【新連載】千街晶之のミステリ新旧対比書評 第1回 若竹七海『スクランブル』×浅倉秋成『六人の嘘つきな大学生』

■作者が仕掛けた巧妙なミスディレクション

  この『スクランブル』と似た、ただしもっと凝ったことをやっているのが、浅倉秋成の『六人の嘘つきな大学生』である。2021年に刊行され、2024年には映画化された。

  2011年、波多野祥吾・嶌衣織・九賀蒼汰・袴田亮・矢代つばさ・森久保公彦という6人の大学生は、日本最高峰のIT企業「スピラリンクス」の最終面接まで残っていた。1カ月後のグループディスカッションの結果次第では全員の内定もあり得ると言われた6人はそれぞれの長所を活かし、協力し合って対策を練っていた。そんなところに、グループディスカッションでの採用枠を1人に変更するという非情な告知が突然来る。そして当日、グループディスカッションが行われる会議室にあった封筒のうち1つを開封したところ、そこには参加者のうち1人が過去に犯した重い罪を告発する紙が入っていた。どうやら、6つの封筒には6人全員の知られたくない秘密が封じられているらしい。参加者たちは最初はスピラリンクスの仕業ではとも疑ったが、よく考えれば会社側にそんなことをするメリットはない。ならば、6人のうち誰かが、他の5人を貶め、自分が内定を獲得するために企んだことだろうか。残りの封筒を開けるべきか否か、6人それぞれの思惑が衝突する。
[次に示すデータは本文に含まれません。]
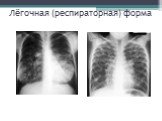 Наследственные хронические неспецифические заболевания лёгких Слайд: 54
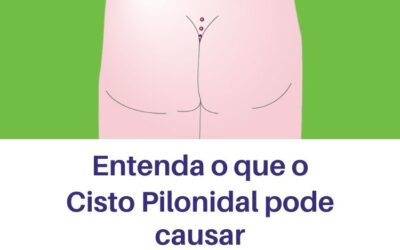 O que o cisto Pilonidal pode causar?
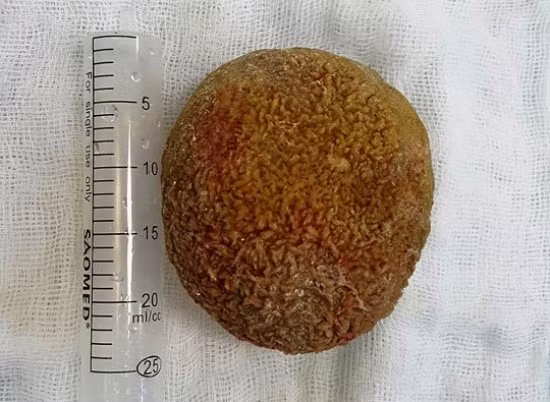 Viên sỏi bàng quang "khủng" có đường kính khoảng 25 cm. Ảnh: Thanh Xuân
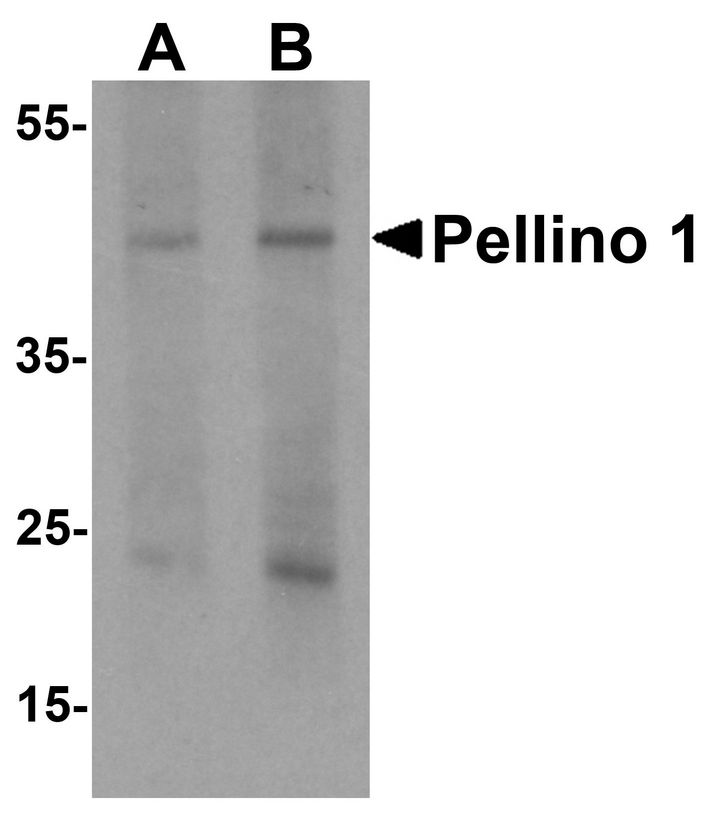 Western blot analysis of Pellino 1 in human liver tissue lysate with Pellino 1 antibody at (A) 1 and (B) 2 ug/ml.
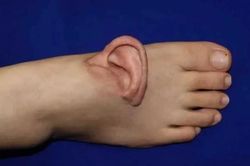 Người phụ nữ 'mọc' tai trên bàn chân và sự thật bất ngờ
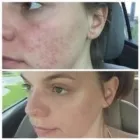Business 2 image BEAUTIFUL SKIN BY CARMEN in Orlando FL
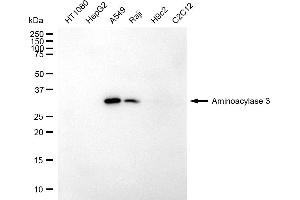 anti-Aminoacylase 3 (ACY3) antibody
  早い段階(角川文庫版で58ページ)で明らかになることなのでここに書いてもいいだろうが、この小説は2011年の出来事を描くパートの随所に、2019年時点から関係者たちが過去を振り返る証言が挟み込まれた構成となっている。その現在パートでは、証言者たちは封筒を用意した「犯人」をみな知っている様子で、また、彼らに取材をしているのが、ただ1人グループディスカッションを勝ち残った「内定者」であることも窺える。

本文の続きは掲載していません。